Dit voorstel heeft betrekking op het besluit tot vaststelling van het standpunt dat namens de Europese Unie moet worden ingenomen in het Handelscomité dat is opgericht bij de tussentijdse partnerschapsovereenkomst tussen de Europese Gemeenschap, enerzijds, en de staten in de Stille Oceaan, anderzijds (hierna “de overeenkomst” genoemd), wat betreft de voorgenomen vaststelling van het besluit tot wijziging van een aantal bepalingen van Protocol II bij de overeenkomst.

2. Achtergrond van het voorstel

2.1.De partnerschapsovereenkomst tussen de Europese Gemeenschap, enerzijds, en de staten in de Stille Oceaan, anderzijds.

De partnerschapsovereenkomst tussen de Europese Gemeenschap, enerzijds, en de staten in de Stille Oceaan, anderzijds (hierna “de overeenkomst” genoemd) heeft tot doel: a) de staten in de Stille Oceaan in staat te stellen gebruik te maken van de door de Europese Unie (hierna “de EU” genoemd) geboden verbeterde markttoegang; b) de duurzame economische ontwikkeling en de geleidelijke integratie van staten in de Stille Oceaan in de wereldeconomie te bevorderen; c) een vrijhandelszone tussen de Europese Unie en de staten in de Stille Oceaan tot stand te brengen die berust op gemeenschappelijke belangen, middels de geleidelijke liberalisering van de handel op een wijze die in overeenstemming is met de toepasselijke WTO-regels en het beginsel van asymmetrie, met inachtneming, wat het niveau van en het tijdschema voor verbintenissen betreft, van de specifieke behoeften en de capaciteitsbeperkingen van de staten in de Stille Oceaan; d) passende regelingen voor de beslechting van geschillen vast te stellen; en e) passende institutionele regelingen vast te stellen.

Op 13 juli 2009 ondertekende de EU de overeenkomst 1 , die door Papoea-Nieuw-Guinea en de Republiek Fiji-eilanden sinds respectievelijk 20 december 2009 en 28 juli 2014 voorlopig wordt toegepast.
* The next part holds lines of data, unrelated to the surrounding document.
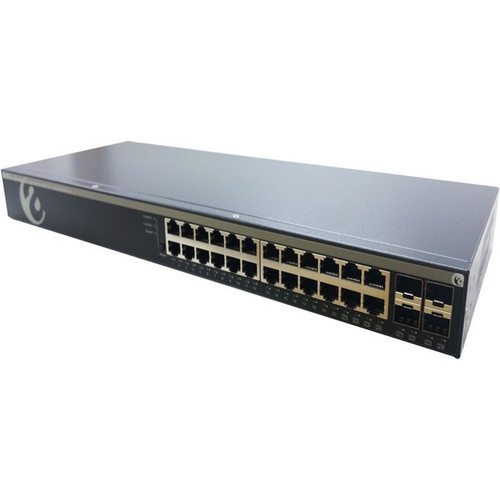 HP - J9080A#ACF - Network Switch 24-Port 10/100 Web-Manageable Fanless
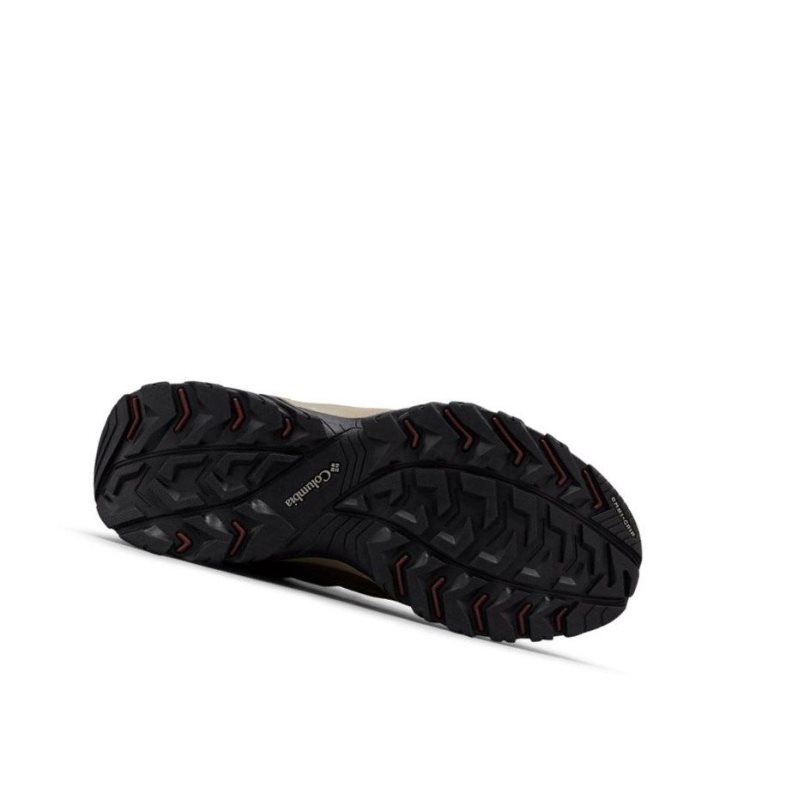 Columbia Crestwood Waterproof Yürüyüş Ayakkabısı Kadın Kahverengi | 64918-OBJQ
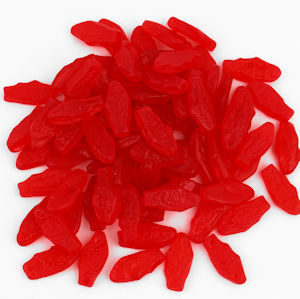 Order 8 oz. Mini Red Fish food online from Black Eyed Susan Coffee-Candy-Cream & More store, Glyndon on bringmethat.com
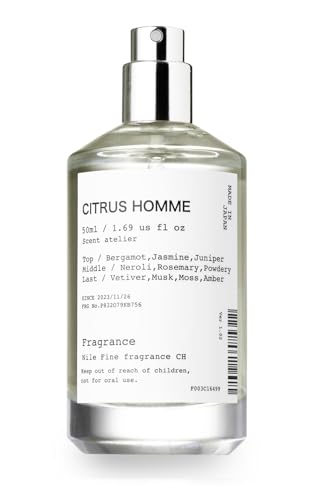 メンズ香水 ムスク ベルガモット オードパルファン 50mL ベルガモット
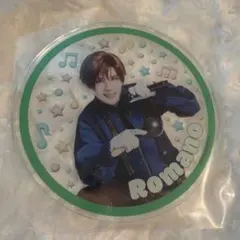 ◇ ヘタミュ10th Anniversary ◇ グリッター缶バッジ《ロマーノ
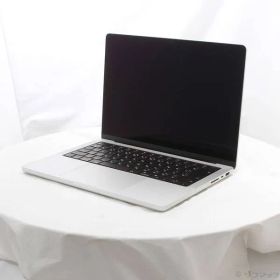 ソフマップ 〔中古品〕 MacBook Pro 14.2-inch Late-2021 MKGT3J／A Apple M1 Pro 10コアCPU_16コアGPU 16GB SSD1TB シルバー 〔15.3 Sequoia〕【344】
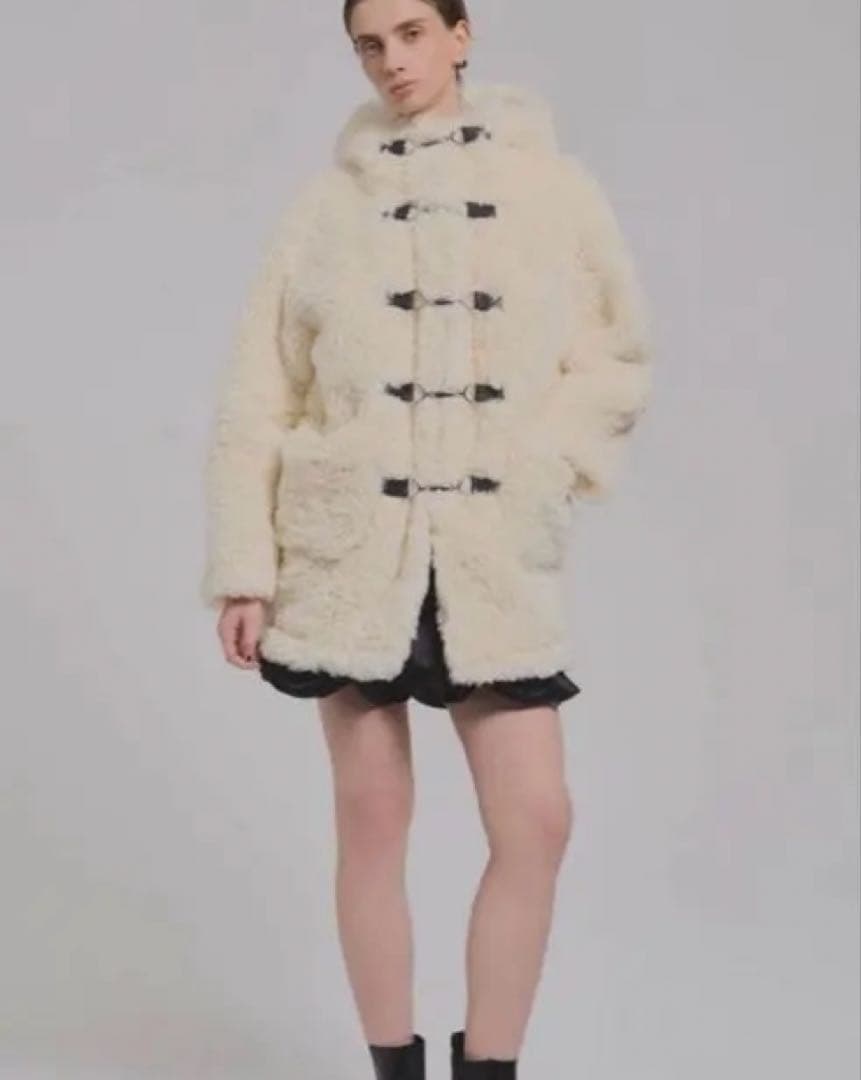 ジャケット・アウター thetoe Trafalgar Boa Coat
Na hun toetreding hebben de Onafhankelijke Staat Samoa en de Salomonseilanden de overeenkomst sinds respectievelijk 31 december 2018 en 17 mei 2020 eveneens voorlopig toegepast.

2.2.Het Handelscomité

Het Handelscomité is een orgaan dat overeenkomstig artikel 68 van de overeenkomst is ingesteld. Het bestaat uit vertegenwoordigers van de EU en van de staten in de Stille Oceaan (Papoea-Nieuw-Guinea, Fiji, Samoa en de Salomonseilanden). Het Handelscomité stelt zijn reglement van orde vast en wordt gezamenlijk voorgezeten door een vertegenwoordiger van de EU en een vertegenwoordiger van de staten in de Stille Oceaan.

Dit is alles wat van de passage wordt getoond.